Asylum for Open Minds

Recent years have seen a rising number of atheists fleeing Islamic countries in fear of their lives, but they often find themselves without moral or legal support. Asylum cases are usually decided on a case-by-case basis, meaning when these fleeing atheists arrive in their would-be foster countries and tell their stories about death threats, mutilations, public executions and other grotesqueries back home, they’re often not taken seriously.

It’s not hard to understand why. When one is born into a place of religious and social superiority, it’s difficult to imagine others’ hardships with real clarity. Consequently, these asylum-seekers are often turned away.

The problem, if you can believe it, is partially a bureaucratic one.

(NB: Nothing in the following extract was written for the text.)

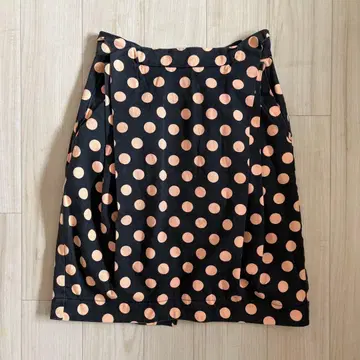 Bernhard Willhelm 아카이브 도트 무늬 스커트 블랙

To better understand what we mean, and to put a face to this humanitarian crisis, consider the story of Mina Ahadi, who grew up in Iran and eventually went on to lead the Central Council of Former Muslims in Germany. She and her husband were both sentenced to death by the Iranian government in 1980 for protesting Islamic rule there. Her husband was executed. Ahadi escaped to Germany and has been fighting to expand asylum laws for immigrants of all kinds ever since.

 

What Keeps Atheists from Successfully Pleading for Asylum?

Ahadi says the problem is twofold.

First, it’s the filter bubble and perception problem we mentioned above. Call it an institutional-level lack of empathy from the Western World, which has spent hundreds of years with its principle religion largely unchallenged within its borders. A recent Pew survey determined 80 percent of American adults believe in God. Of these, 56 percent believe in the God of the Christian Bible, specifically.

Just 19 percent claimed no belief in God. This cohort was split down the middle between believing in non-specific “higher spiritual forces” and not believing in anything spiritual whatever.

Being vastly outnumbered in this way is not a death sentence in America — but it absolutely can be elsewhere in the world.

Mina Ahadi reveals the second of the twofold barriers to atheist asylum-seekers, and it’s that pesky bureaucratic bit we mentioned earlier:

“We’ve been dealing with refugees from Islamic countries for a long time and for ten years now, we’ve been advocating for a change in law that would allow atheism as guaranteed grounds for asylum.”

In other words, Germany already has laws on their books that lay out “acceptable” criteria for approving somebody’s plea for asylum. There has never been, and still is not, a criterion for accepting asylum cases on the grounds of atheism. When Ahadi’s Central Council takes up cases like these on behalf of asylum-seekers who have no other allies, she says they’re successful only about a third of the time.

Sometimes, they’re told religion — and, apparently, the lack of same — is too much of a “personal issue” for them to wade into the middle of it. That’s ironic, coming from any country that claims it values “religious freedom.”

See, freedom to practice religion cuts both ways — it’s also a freedom not to practice religion. But the powers-that-be in Germany, the United States and elsewhere in the Western World don’t necessarily see it that way. They can’t seem to wrap their minds around a sort of persecution they’ve never had to live through.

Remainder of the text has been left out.